■ **Problem statement**
Your answer is to be the exact text of the lines from the one containing "Maison Exclusive - Sängyn" through the final line of the entries, restated in full, with pictures omitted.

■ **Data provided**
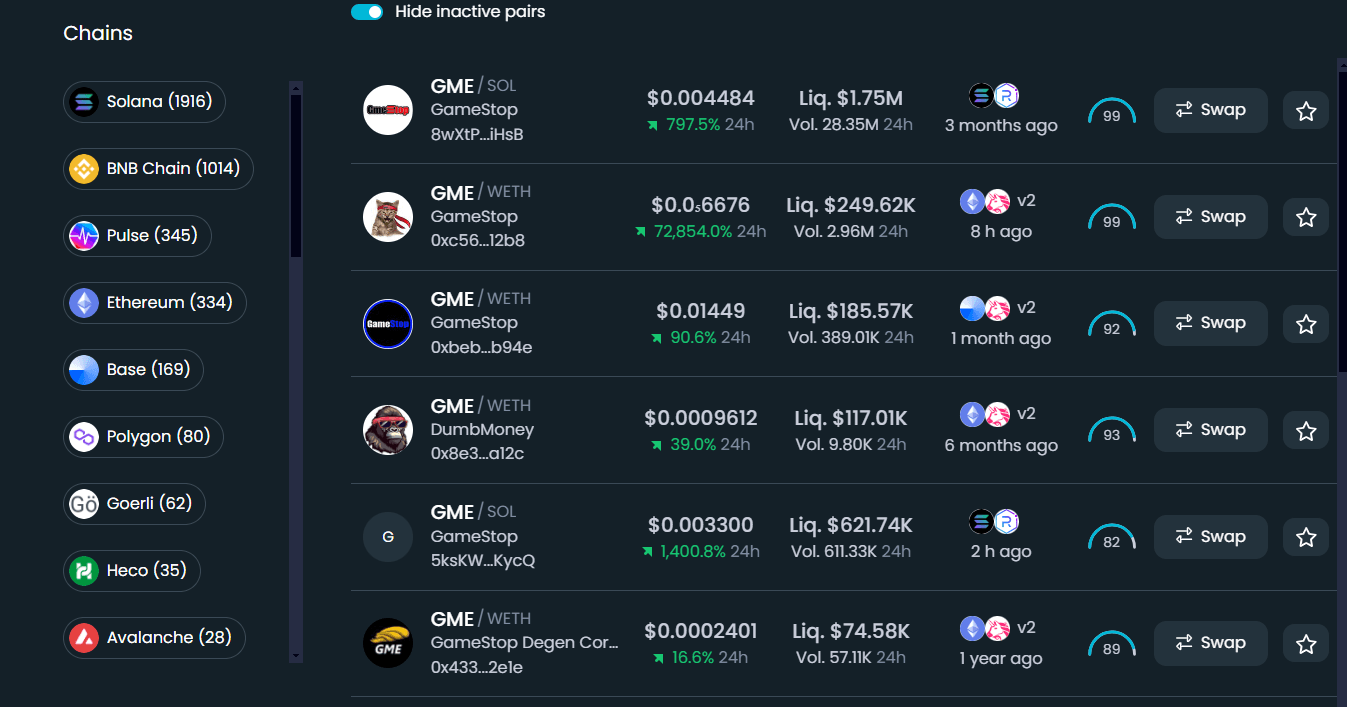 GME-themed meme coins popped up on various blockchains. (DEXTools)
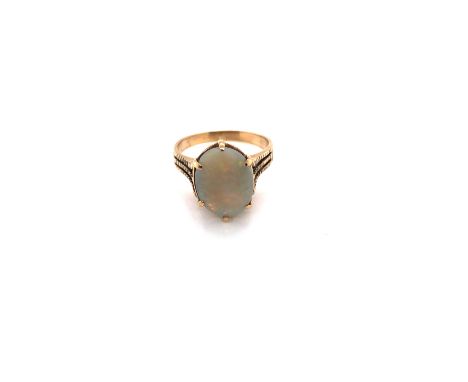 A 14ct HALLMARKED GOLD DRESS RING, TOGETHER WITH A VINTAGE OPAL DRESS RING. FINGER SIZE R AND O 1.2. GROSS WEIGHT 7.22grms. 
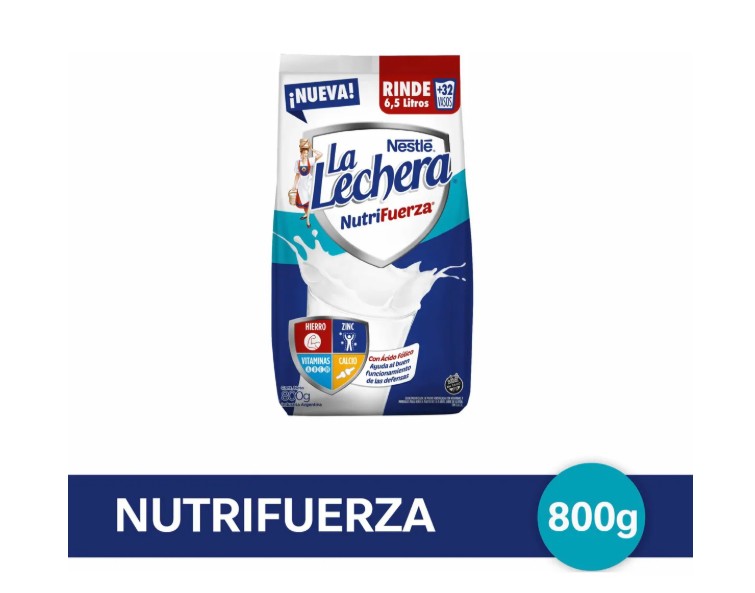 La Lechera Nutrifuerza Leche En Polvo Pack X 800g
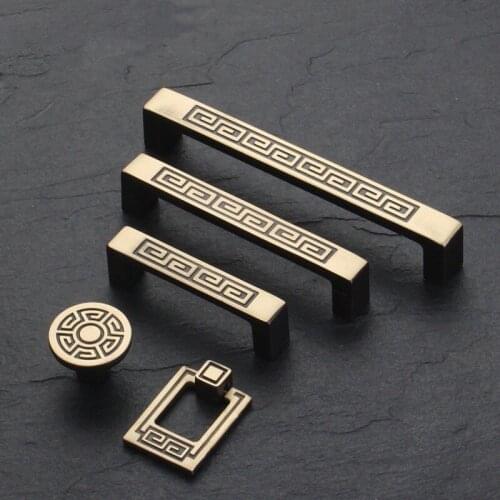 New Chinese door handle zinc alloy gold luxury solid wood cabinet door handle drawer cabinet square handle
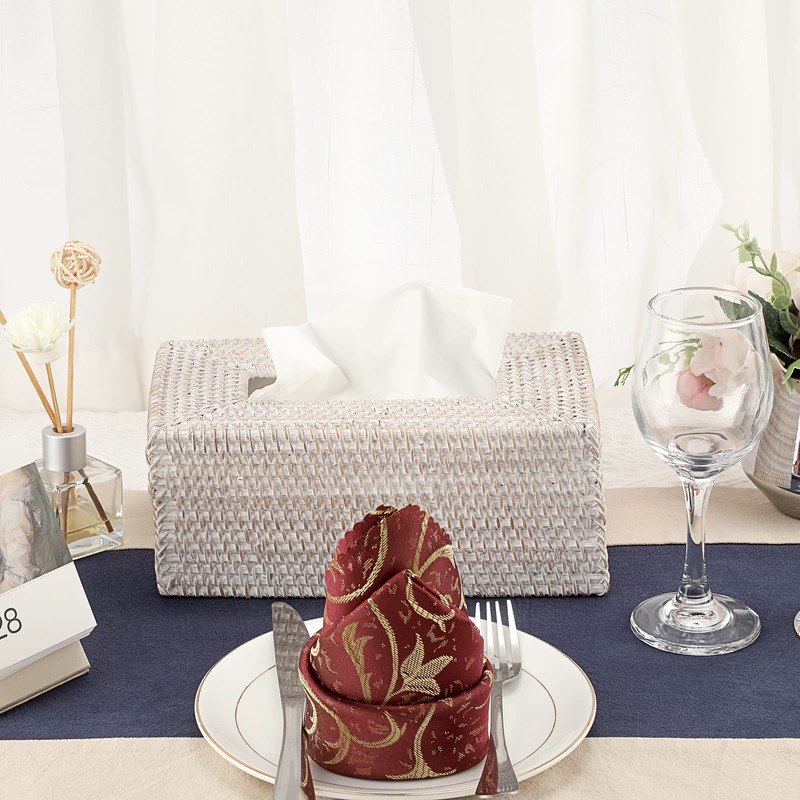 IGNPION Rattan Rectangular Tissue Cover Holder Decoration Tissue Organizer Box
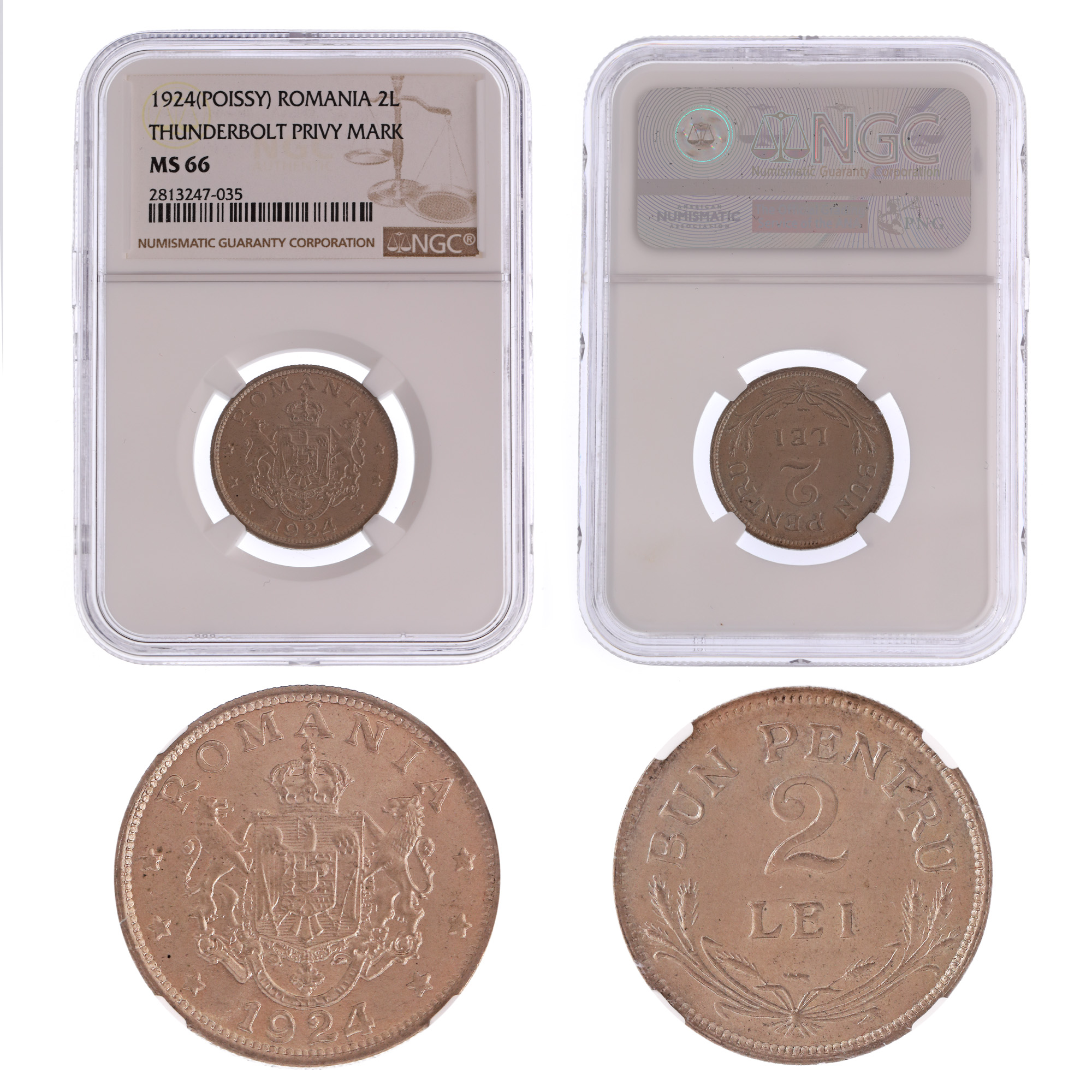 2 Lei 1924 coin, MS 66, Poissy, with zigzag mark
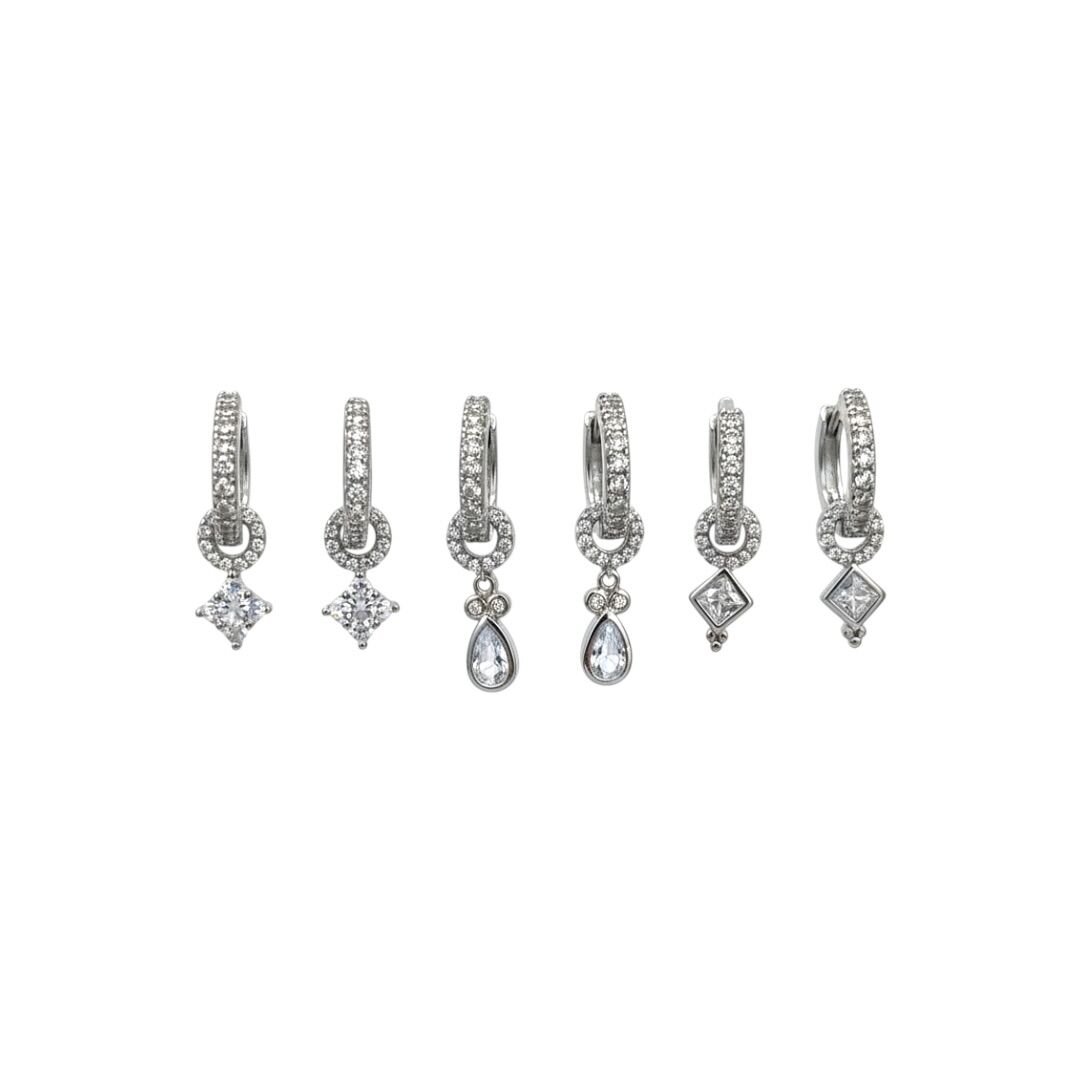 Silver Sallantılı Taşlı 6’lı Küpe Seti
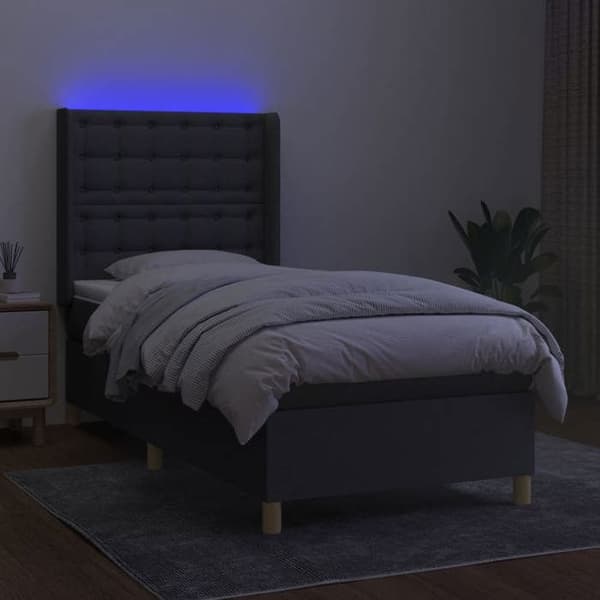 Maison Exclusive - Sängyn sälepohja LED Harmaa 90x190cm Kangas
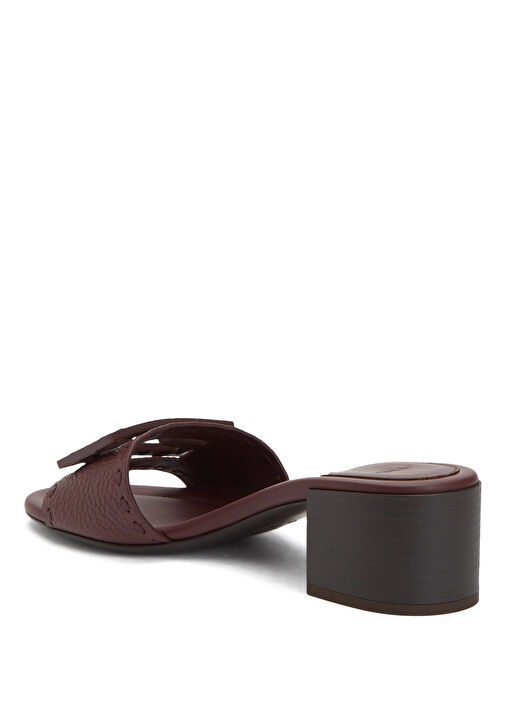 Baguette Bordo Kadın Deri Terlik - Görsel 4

■ **Your solution**
 Maison Exclusive - Sängyn sälepohja LED Harmaa 90x190cm Kangas
 Baguette Bordo Kadın Deri Terlik - Görsel 4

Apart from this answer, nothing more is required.